* [PATCH v3] skbuff: Add MSG_MORE flag to optimize large packet transmission
@ 2025-06-30 7:10 Feng Yang
2025-07-03 8:48 ` Paolo Abeni
0 siblings, 1 reply; 8+ messages in thread
From: Feng Yang @ 2025-06-30 7:10 UTC (permalink / raw)
To: davem, edumazet, kuba, pabeni, horms, willemb, almasrymina,
kerneljasonxing, ebiggers, asml.silence, aleksander.lobakin,
stfomichev, david.laight.linux
Cc: yangfeng, netdev, linux-kernel
From: Feng Yang <yangfeng@kylinos.cn>
The "MSG_MORE" flag is added to improve the transmission performance of large packets.
The improvement is more significant for TCP, while there is a slight enhancement for UDP.
When using sockmap for forwarding, the average latency for different packet sizes
after sending 10,000 packets(TCP) is as follows:
size old(us) new(us)
512 56 55
1472 58 58
1600 106 81
3000 145 105
5000 182 125
Suggested-by: Eric Dumazet <edumazet@google.com>
Signed-off-by: Feng Yang <yangfeng@kylinos.cn>
---
Changes in v3:
- Use Msg_MORE flag.

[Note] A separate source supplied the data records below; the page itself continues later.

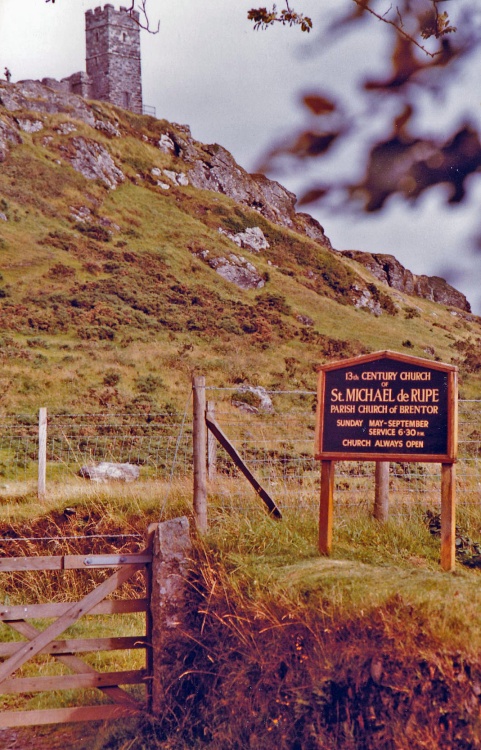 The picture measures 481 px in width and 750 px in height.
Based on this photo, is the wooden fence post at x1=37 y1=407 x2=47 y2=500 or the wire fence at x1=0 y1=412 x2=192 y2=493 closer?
the wooden fence post at x1=37 y1=407 x2=47 y2=500

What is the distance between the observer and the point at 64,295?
3553 cm

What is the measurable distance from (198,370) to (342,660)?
25746mm

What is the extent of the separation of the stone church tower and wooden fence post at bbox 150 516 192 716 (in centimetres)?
8138

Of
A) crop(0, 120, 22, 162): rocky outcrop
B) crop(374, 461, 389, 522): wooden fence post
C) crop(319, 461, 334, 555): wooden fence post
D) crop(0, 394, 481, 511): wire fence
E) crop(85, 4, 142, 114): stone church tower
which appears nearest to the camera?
crop(319, 461, 334, 555): wooden fence post

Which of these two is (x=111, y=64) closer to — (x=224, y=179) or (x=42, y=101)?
(x=224, y=179)

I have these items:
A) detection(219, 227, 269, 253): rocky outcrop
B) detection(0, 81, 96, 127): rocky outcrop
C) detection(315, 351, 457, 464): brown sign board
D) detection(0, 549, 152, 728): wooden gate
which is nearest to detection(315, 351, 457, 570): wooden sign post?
detection(315, 351, 457, 464): brown sign board

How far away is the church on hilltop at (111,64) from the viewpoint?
80375mm

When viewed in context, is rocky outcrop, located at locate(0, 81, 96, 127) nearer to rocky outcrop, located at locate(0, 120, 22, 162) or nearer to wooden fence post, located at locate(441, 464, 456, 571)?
rocky outcrop, located at locate(0, 120, 22, 162)

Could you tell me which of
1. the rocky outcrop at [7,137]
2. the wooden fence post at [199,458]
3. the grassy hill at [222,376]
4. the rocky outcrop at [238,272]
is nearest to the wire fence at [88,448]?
the grassy hill at [222,376]

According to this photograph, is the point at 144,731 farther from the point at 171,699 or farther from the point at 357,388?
the point at 357,388

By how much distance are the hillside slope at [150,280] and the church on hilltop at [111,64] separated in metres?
12.7

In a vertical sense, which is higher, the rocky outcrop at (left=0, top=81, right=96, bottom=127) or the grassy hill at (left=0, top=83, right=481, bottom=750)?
the rocky outcrop at (left=0, top=81, right=96, bottom=127)

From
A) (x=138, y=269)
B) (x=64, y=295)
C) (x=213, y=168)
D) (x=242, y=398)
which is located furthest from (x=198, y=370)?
(x=213, y=168)

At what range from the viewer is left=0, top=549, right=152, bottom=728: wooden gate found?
199 inches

Thanks: Eric Dumazet, David Laight.
- Link to v2: https://lore.kernel.org/all/20250627094406.100919-1-yangfeng59949@163.com/
Changes in v2:
- Delete dynamic memory allocation, thanks: Paolo Abeni,Stanislav Fomichev.
- Link to v1: https://lore.kernel.org/all/20250623084212.122284-1-yangfeng59949@163.com/
---
net/core/skbuff.c | 4 ++++
1 file changed, 4 insertions(+)
diff --git a/net/core/skbuff.c b/net/core/skbuff.c
index 85fc82f72d26..cd1ed96607a5 100644
--- a/net/core/skbuff.c
+++ b/net/core/skbuff.c
@@ -3252,6 +3252,8 @@ static int __skb_send_sock(struct sock *sk, struct sk_buff *skb, int offset,
kv.iov_len = slen;
memset(&msg, 0, sizeof(msg));
msg.msg_flags = MSG_DONTWAIT | flags;
+ if (slen < len)
+ msg.msg_flags |= MSG_MORE;
iov_iter_kvec(&msg.msg_iter, ITER_SOURCE, &kv, 1, slen);
ret = INDIRECT_CALL_2(sendmsg, sendmsg_locked,
@@ -3292,6 +3294,8 @@ static int __skb_send_sock(struct sock *sk, struct sk_buff *skb, int offset,
flags,
};
+ if (slen < len)
+ msg.msg_flags |= MSG_MORE;
bvec_set_page(&bvec, skb_frag_page(frag), slen,
skb_frag_off(frag) + offset);
iov_iter_bvec(&msg.msg_iter, ITER_SOURCE, &bvec, 1,
--
2.43.0
^ permalink raw reply related [flat|nested] 8+ messages in thread
* Re: [PATCH v3] skbuff: Add MSG_MORE flag to optimize large packet transmission
2025-06-30 7:10 [PATCH v3] skbuff: Add MSG_MORE flag to optimize large packet transmission Feng Yang
@ 2025-07-03 8:48 ` Paolo Abeni
2025-07-03 11:44 ` David Laight
0 siblings, 1 reply; 8+ messages in thread
From: Paolo Abeni @ 2025-07-03 8:48 UTC (permalink / raw)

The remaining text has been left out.